読者の皆さんもよくご存知のように、私はおそらく、ロシアのメディア、特に国営テレビのニュース番組や政治トーク番組からのオープンソースを幅広く活用している、現在のロシアの国際関係に関する唯一のアメリカ人やヨーロッパ人のコメンテーターである。 ソビエト連邦とは異なり、ロシア連邦は比較的検閲の少ない開かれた社会である(この事実は、より攻撃的なナショナリストによって嘆かれている)。

他のコメンテーターはロシア語のパブリックドメインにある豊富な情報源を活用する語学力がないためだ。また、残念なことに、ロシアのメディアは、主要なテレビ番組が英語の音声や字幕付きでインターネットに掲載された場合、自国の国益に貢献する可能性があることを理解していないようだ。

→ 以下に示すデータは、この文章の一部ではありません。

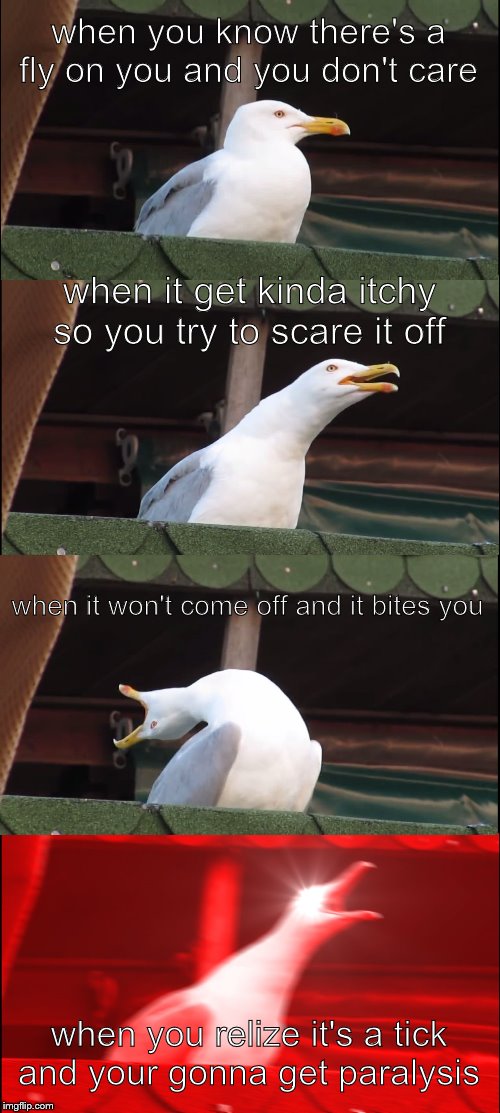 Inhaling Seagull Meme | when you know there's a fly on you and you don't care; when it get kinda itchy so you try to scare it off; when it won't come off and it bites you; when you relize it's a tick and your gonna get paralysis | image tagged in memes,inhaling seagull | made w/ Imgflip meme maker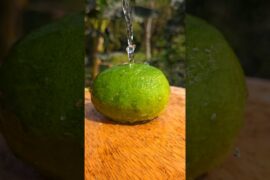 Lemon Chili Pickle Recipe 🌶️| spicy masala lemon ❤️‍🔥||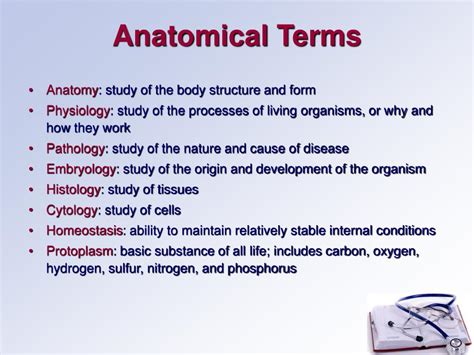 Ppt Human Anatomy Powerpoint Presentation Free Download Id6875476
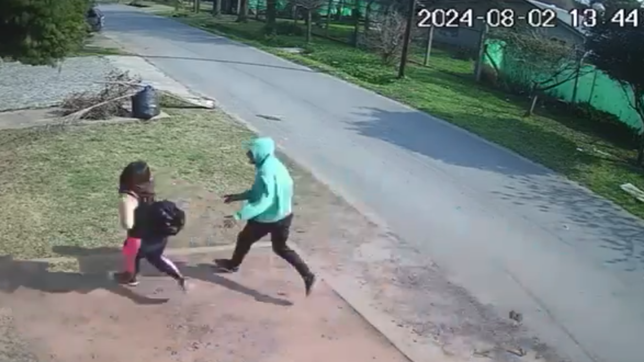 video: dos motochorros atacaron a una mujer en villa elisa a plena luz del dia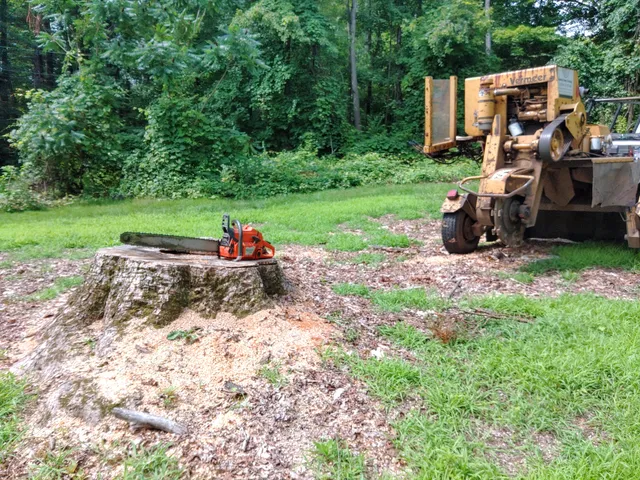 Hawkins Stump Grinding work photo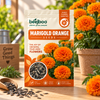 Orange Marigold Flower Seeds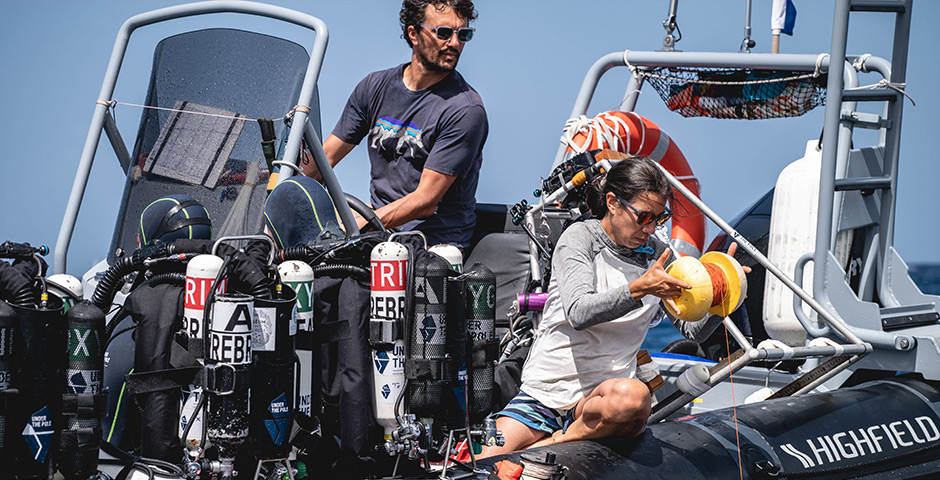 Screenshot of the entry for Call to Earth: Forests of the Deep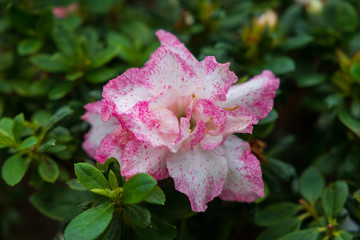 Autumn greenhouse with unique plants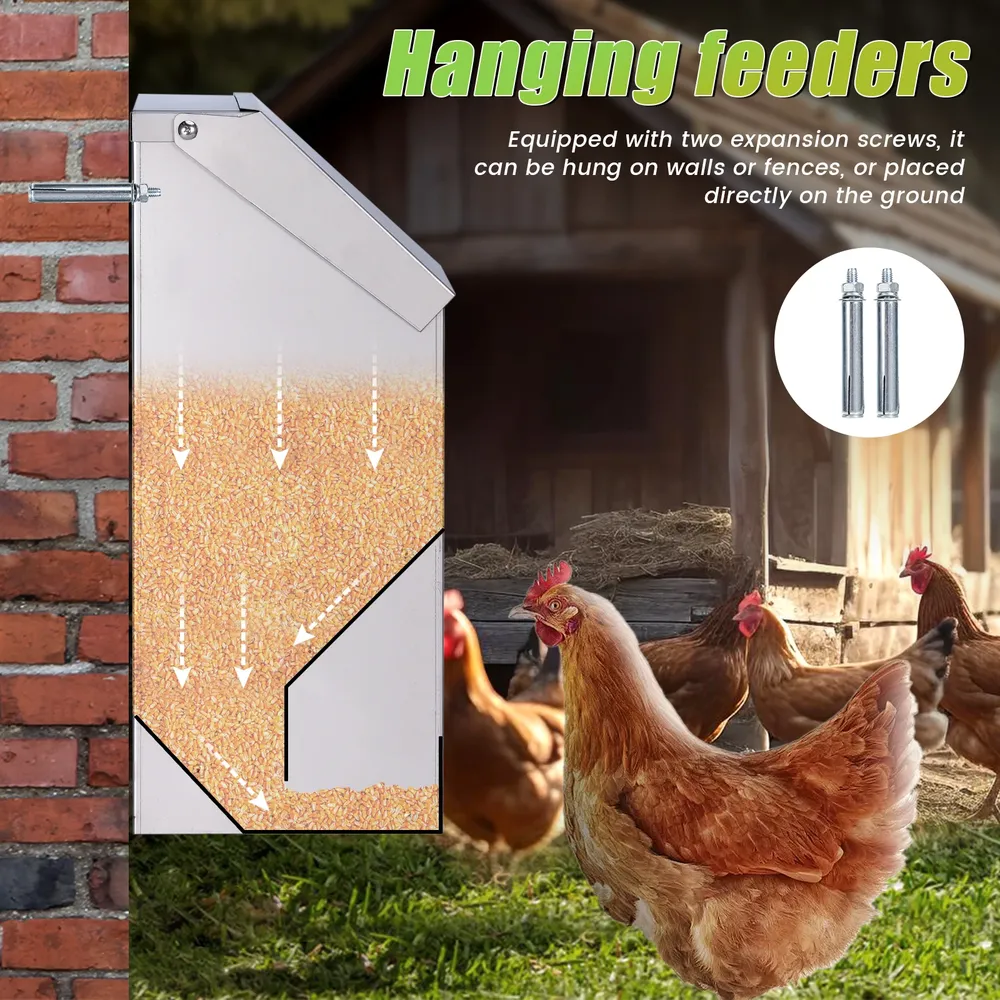 Mangeoire à poulet en inox automatique grande capacité
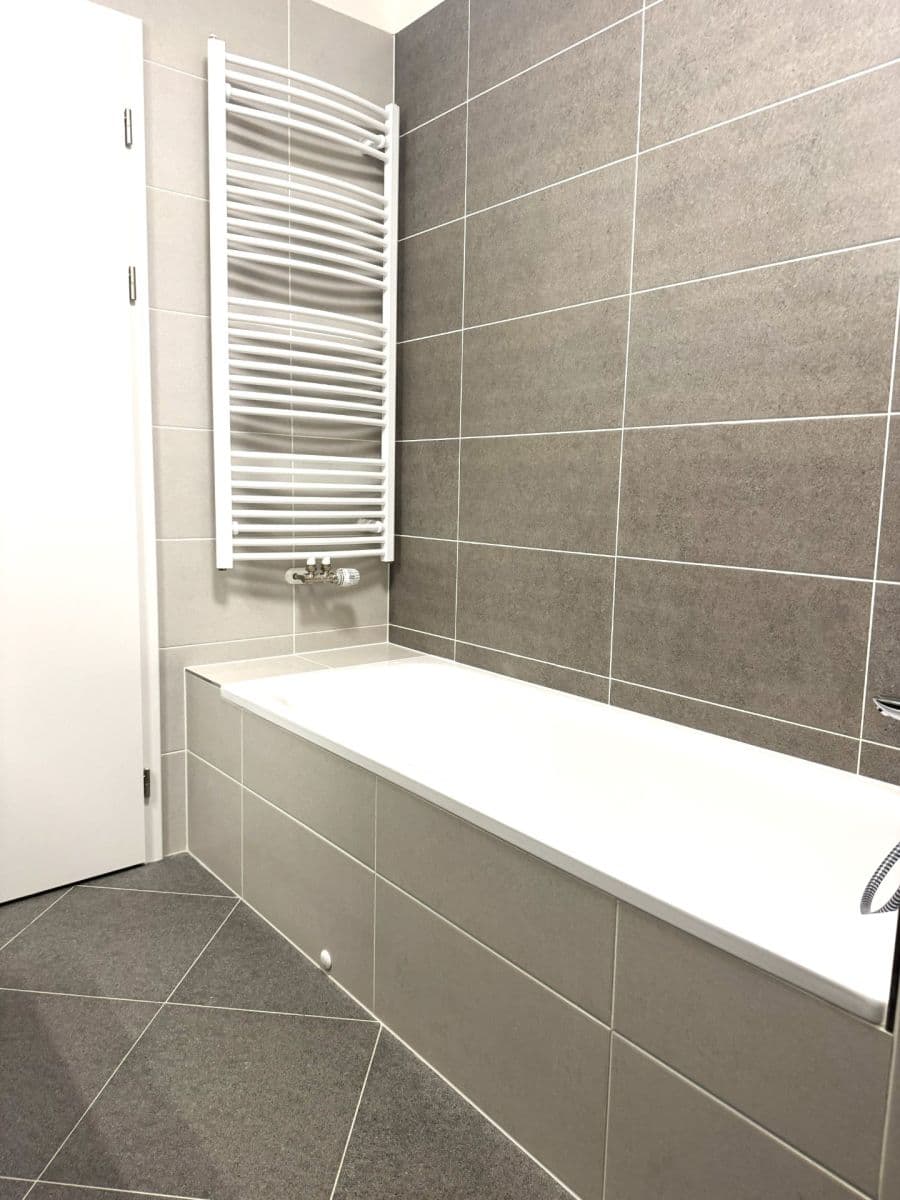 1 bedroom with open-plan kitchen flat to rent, 50 m², Honzíkova, Prague, Prague 1 bedroom with open-plan kitchen flat to rent, 50 m², Honzíkova, Prague, Prague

しかし、ブーラク教授は、ロシアのテレビ・ラジオ番組全体を調査するという、より野心的な目標を掲げている。ブーラク教授の言う「ビジョナリー」とは、私が見ている番組や他の多くの番組に出演している学者や知識人のことである。彼ら全員が深い思想家ではないことは確かだが、広く耳を傾けている。彼がこの本で提供しているのは、テレビやラジオでの彼らの発言からの膨大な引用である。それゆえ、彼の副題は『直接演説』なのだ。この本は、ロシアの社会史と知的歴史を学ぶ者にとっての金鉱である。

私は、数人の著者のエッセイを集めた彼の次の本に、ささやかな貢献をしたいと考えている。私が執筆を始めたばかりの章では、ロシアの国民的アイデンティティの形成に関するブーラクの探究を、2022年2月に始まり現在も進行中のウクライナ戦争とその周辺にまで踏み込む予定である。

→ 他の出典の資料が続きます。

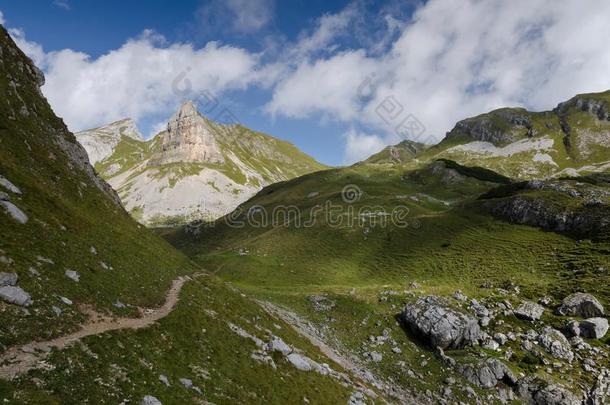 入径向Romania罗马尼亚Ã头山峰采用Romania罗马尼亚fanalkali-treatedlipopolysacchar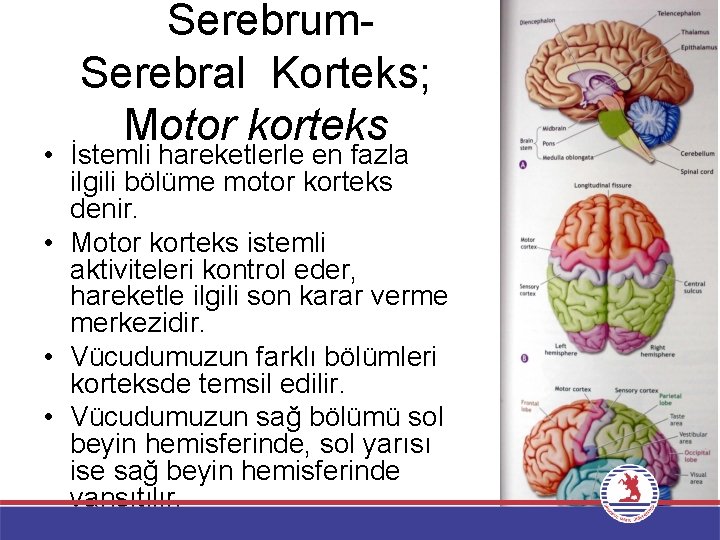 Serebrum. Serebral Korteks; Motor korteks • İstemli hareketlerle en fazla ilgili bölüme motor korteks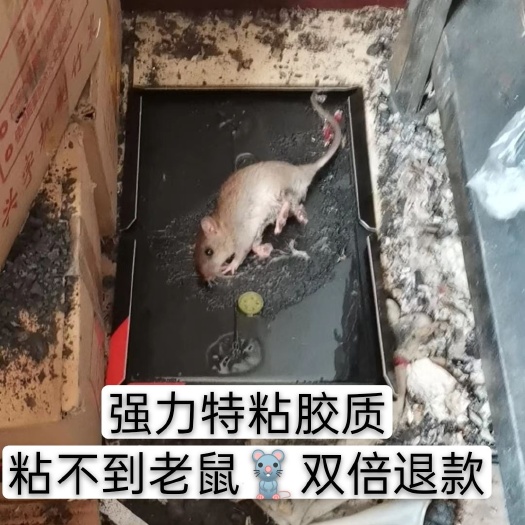 曹县老鼠夹  粘鼠板强力抓粘老鼠贴胶家用正品药夹灭捕鼠加大加厚一窝端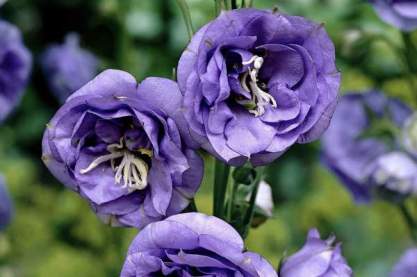 Campanula pers. 'La Bella'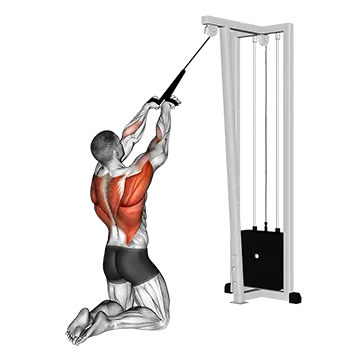 Cable High Row (kneeling)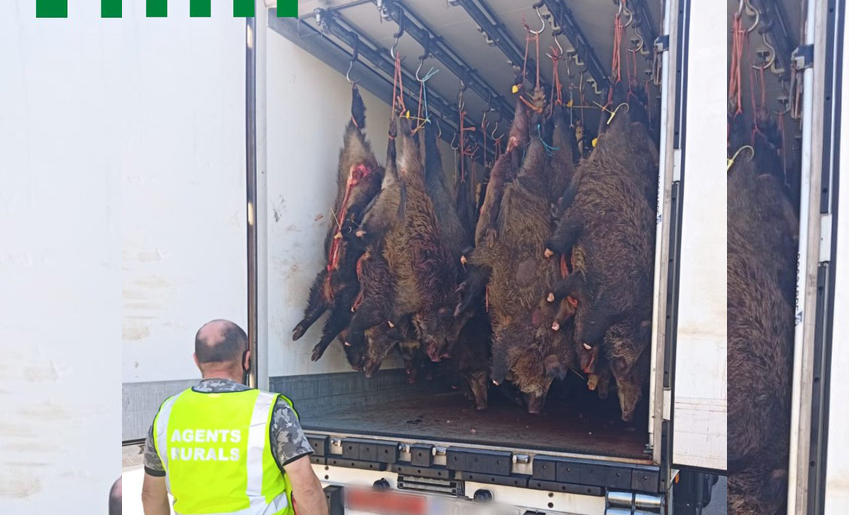 Un camion frigorifique contenant 344 sangliers transportés illégalement intercepté en Catalogne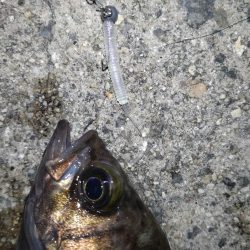 鬼爪がグッジョブでした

プーチンの親友であるとか、プーチンに強力な影響力を行使しているとか、そういった人物を特定する人々に対して、私は常に懐疑的である。これは西側のいわゆるロシア専門家の趣味のようなもので、彼らは一般的にロシアという国についてほとんど知らないし、その大統領についてはなおさら知らない。

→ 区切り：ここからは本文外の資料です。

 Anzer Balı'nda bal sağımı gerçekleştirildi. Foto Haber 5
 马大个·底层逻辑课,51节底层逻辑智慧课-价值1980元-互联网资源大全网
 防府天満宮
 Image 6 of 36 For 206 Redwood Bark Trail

しかし、時には、示唆された影響の中に真実が含まれていることもある。 私は長い間、哲学者であり学者であるアレクサンドル・ドゥギンの知的能力とプーチンへの影響の可能性を否定してきた。実際、10年以上前には、ドゥギンのユーラシア主義は無邪気なヤラセに見えた。しかし、今は違う。今日、ウラジーミル・プーチンが持ち、実践しているロシアの外交・経済政策に、ユーラシア主義的世界観のいくつかの要素が入り込んでいることは議論の余地がない。最近発表された、ロシアに定住しようとする欧米人の入国要件緩和に関する勅令からも、「ノアの方舟」構想がウラジーミル・ウラジーミロビッチ自身によって受け入れられており、そのために官僚の抵抗を押し切って実現されようとしているように見える。ロシアは、インフラと生活の質が非常に高いヨーロッパの中心地に魅力的な空間と職業を見出すのに十分なほど大きく、新参者をウラル山脈以東のより辺鄙で困難な領土に送り込む必要はないことを、主は知っている。

この点で、私は、おしゃべり階級のトークショーで語られることが、この国の大統領にできることに制限を設けるだけでなく、ロシアを運営するビジネスへの彼のアプローチに、より肯定的な意味でどのような影響を与えるかについて、より注意深く見ていくつもりである。